EP2580577A1 - Apparatus for carrying out laser spectroscopy, sorting system having the apparatus, and method for carrying out laser spectroscopy - Google Patents
Apparatus for carrying out laser spectroscopy, sorting system having the apparatus, and method for carrying out laser spectroscopyInfo
- Publication number
- EP2580577A1 EP2580577A1 EP11757530.8A EP11757530A EP2580577A1 EP 2580577 A1 EP2580577 A1 EP 2580577A1 EP 11757530 A EP11757530 A EP 11757530A EP 2580577 A1 EP2580577 A1 EP 2580577A1
- Authority
- EP
- European Patent Office
- Prior art keywords
- laser
- sample
- plasma
- axicon
- radiation
- Prior art date
- Legal status (The legal status is an assumption and is not a legal conclusion.
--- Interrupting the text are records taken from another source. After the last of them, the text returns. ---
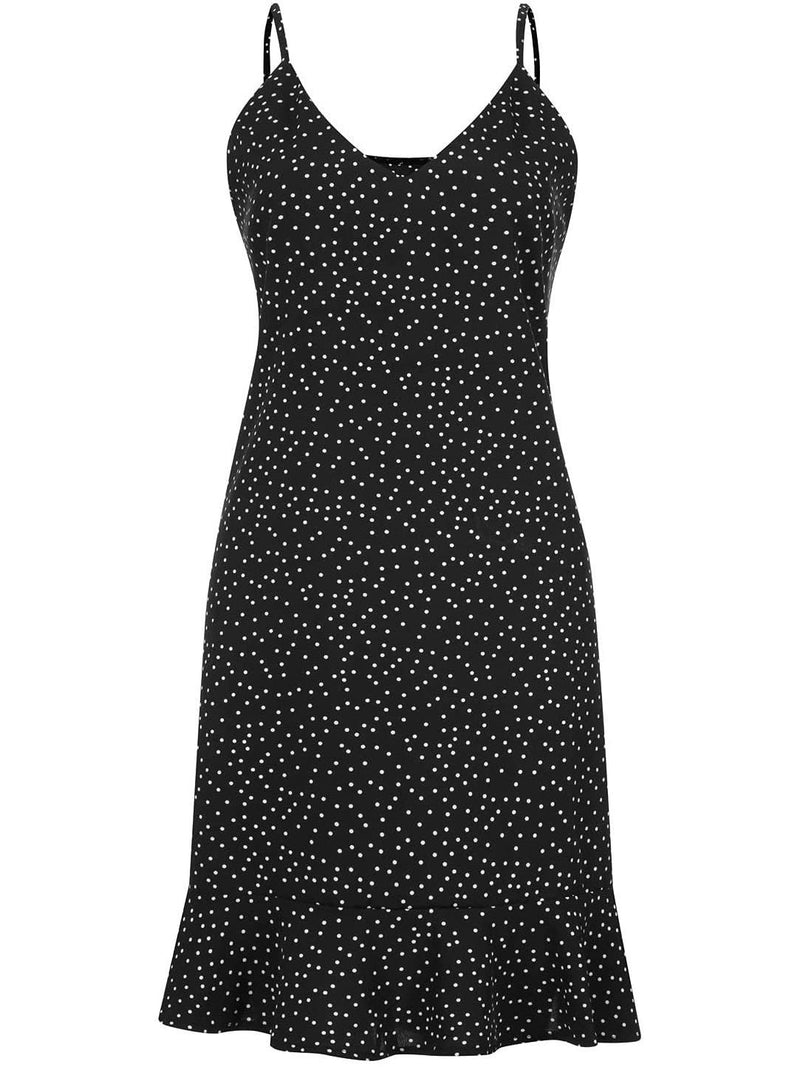 Deep V-Neck Sleeveless Print Mini Dress - Mini Dresses - INS | Online Fashion Free Shipping Clothing, Dresses, Tops, Shoes - 15/07/2021 - 20-30 - Category_Mini Dresses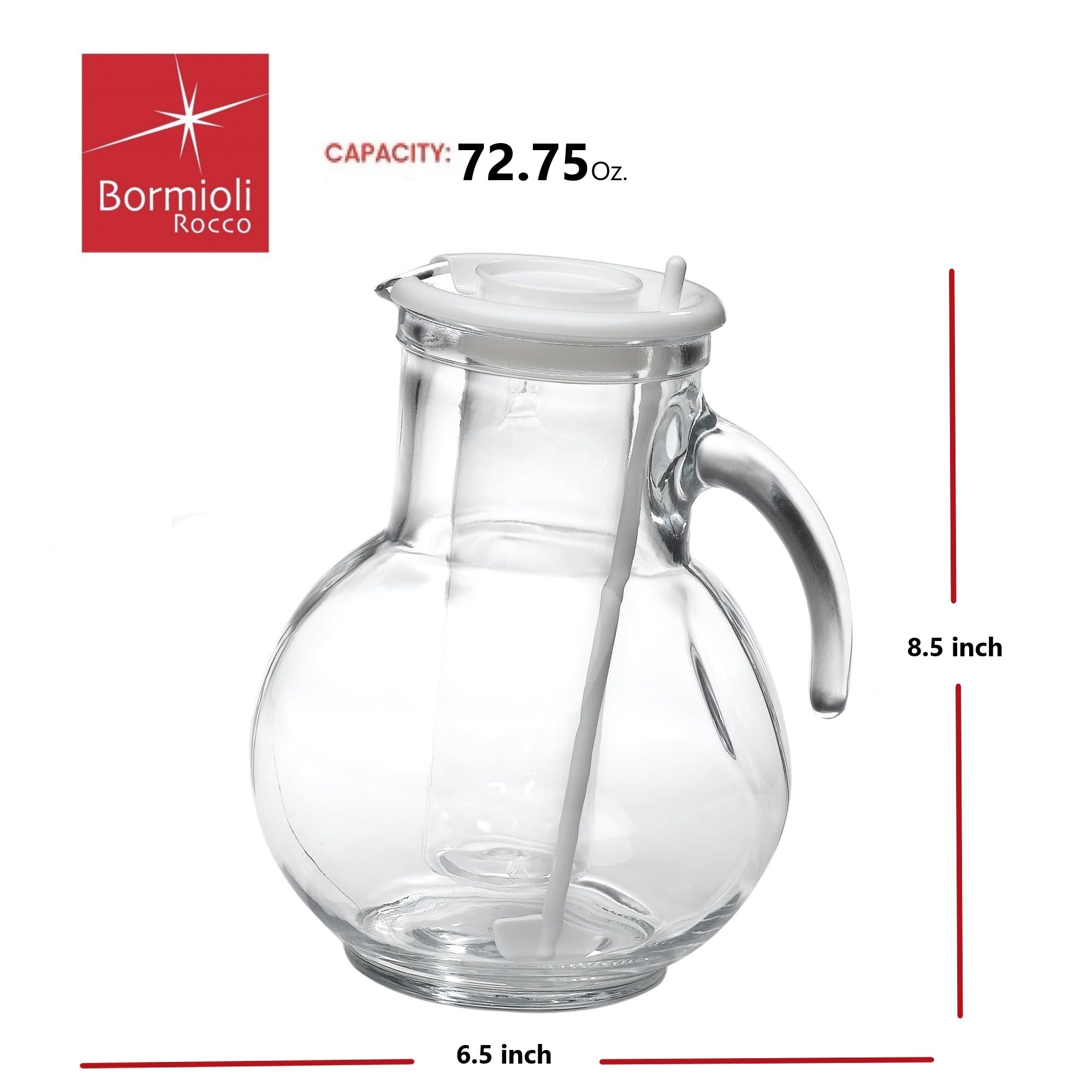 Bormioli Rocco Kufra Glass Pitcher with Ice Container and Lid, 72 3/4 oz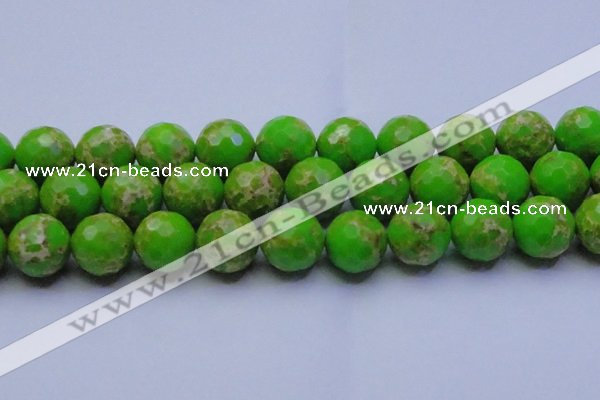 CDE2561 15.5 inches 24mm faceted round dyed sea sediment jasper beads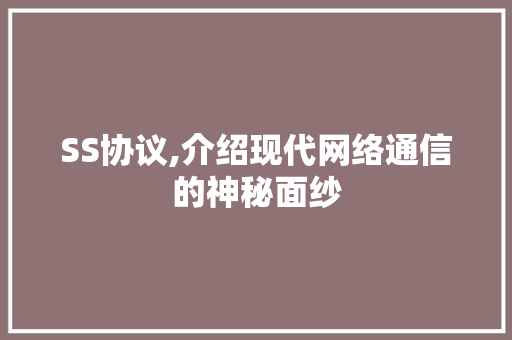 SS协议,介绍现代网络通信的神秘面纱 百度SEO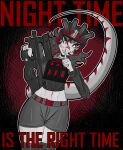  abstract_background absurd_res anthro armor bottomwear clothed clothed_anthro clothed_female clothing crop_top dinosaur dromaeosaurid english_text female finger_to_mouth fingers front_view gothgator0 grey_body grey_bottomwear grey_clothing grey_legwear grey_shirt grey_shorts grey_thigh_highs grey_topwear gun hair headgear helmet hi_res holding_gun holding_object holding_ranged_weapon holding_weapon humanoid_hands kasey_(gothgator0) legwear long_hair looking_at_viewer markings microraptor navel non-mammal_navel portrait prehistoric_species ranged_weapon red_body red_eyes reptile restricted_palette saurischian scalie shirt shorts solo standing striped_markings stripes tactical_gear text theropod thigh_highs three-quarter_portrait tight_bottomwear tight_clothing tight_shorts tight_topwear topwear weapon 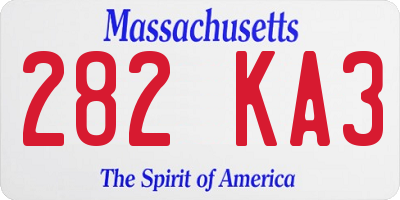 MA license plate 282KA3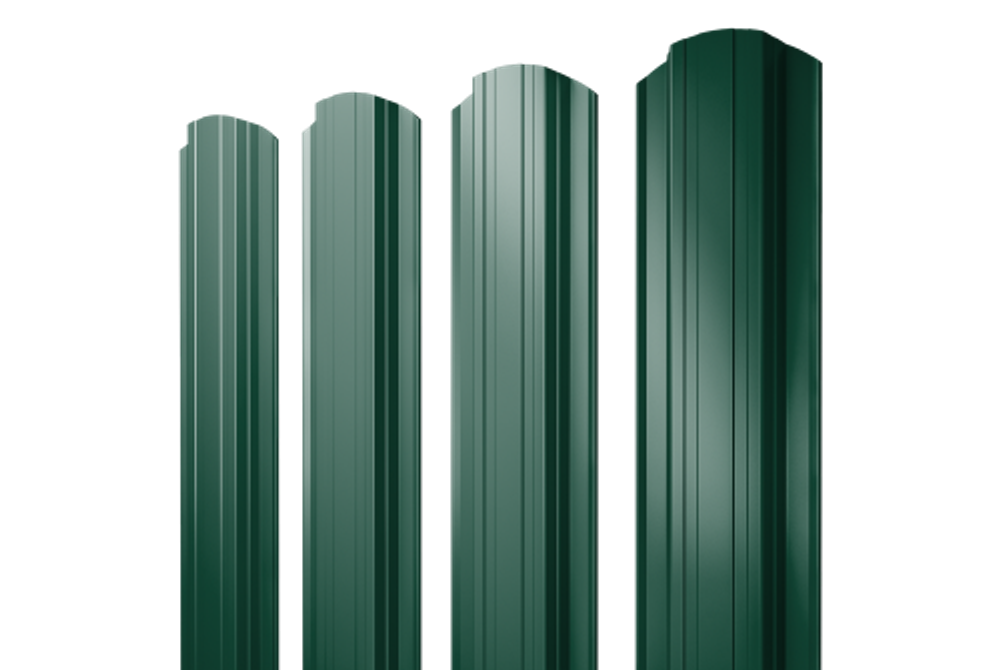 Штакетник Прямоугольный фигурный 0,45 PE-Double RAL 6005 зеленый мох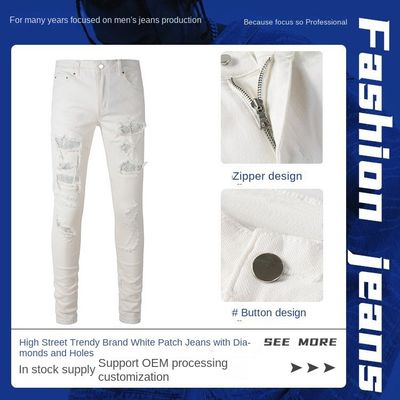 Cotton Denim Stretch Skinny Sostenible Impresión Jeans de lápiz recto para hombres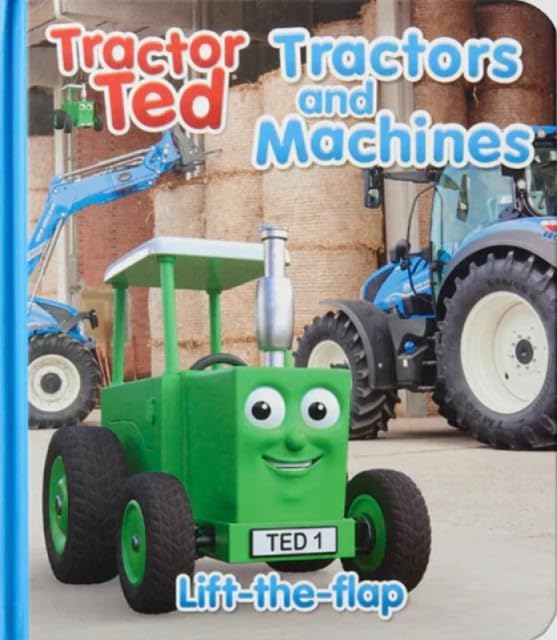 Green toy tractor with smiling face and two larger tractors in background.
Google has not performed a legal analysis and makes no representation as to the accuracy of the status listed.)
- Withdrawn
Links
Classifications
-
- G—PHYSICS
- G01—MEASURING; TESTING
- G01N—INVESTIGATING OR ANALYSING MATERIALS BY DETERMINING THEIR CHEMICAL OR PHYSICAL PROPERTIES
- G01N21/00—Investigating or analysing materials by the use of optical means, i.e. using sub-millimetre waves, infrared, visible or ultraviolet light
- G01N21/84—Systems specially adapted for particular applications
-
- G—PHYSICS
- G01—MEASURING; TESTING
- G01N—INVESTIGATING OR ANALYSING MATERIALS BY DETERMINING THEIR CHEMICAL OR PHYSICAL PROPERTIES
- G01N21/00—Investigating or analysing materials by the use of optical means, i.e. using sub-millimetre waves, infrared, visible or ultraviolet light
- G01N21/62—Systems in which the material investigated is excited whereby it emits light or causes a change in wavelength of the incident light
- G01N21/71—Systems in which the material investigated is excited whereby it emits light or causes a change in wavelength of the incident light thermally excited
- G01N21/718—Laser microanalysis, i.e. with formation of sample plasma
-
- G—PHYSICS
- G01—MEASURING; TESTING
- G01N—INVESTIGATING OR ANALYSING MATERIALS BY DETERMINING THEIR CHEMICAL OR PHYSICAL PROPERTIES
- G01N2201/00—Features of devices classified in G01N21/00
- G01N2201/06—Illumination; Optics
- G01N2201/063—Illuminating optical parts
- G01N2201/0638—Refractive parts
Definitions
- Apparatus for carrying out laser spectroscopy, sorting installation comprising the apparatus and method for carrying out laser spectroscopy
- the invention relates to a device for carrying out laser spectroscopy, a sorting system, comprising the device and a method for carrying out laser spectroscopy, in which at least one pulsed laser focuses on at least one ablation region of a sample to generate a plasma via at least one optical element Plasma detected and based on the radiation spectrum of the detected radiation, an elemental analysis is performed.
- the invention is therefore based on the object to improve a method of the type described in such a simple manner that repeatable extremely accurate elemental analysis based on a laser-induced plasma can be ensured.
- the method should be universally applicable and easy to handle.
- the invention achieves the stated object with regard to the method in that the laser generates focusing plasma on at least two ablation regions of the sample lying in the focal region of the axicon via an optical element designed as an axicon.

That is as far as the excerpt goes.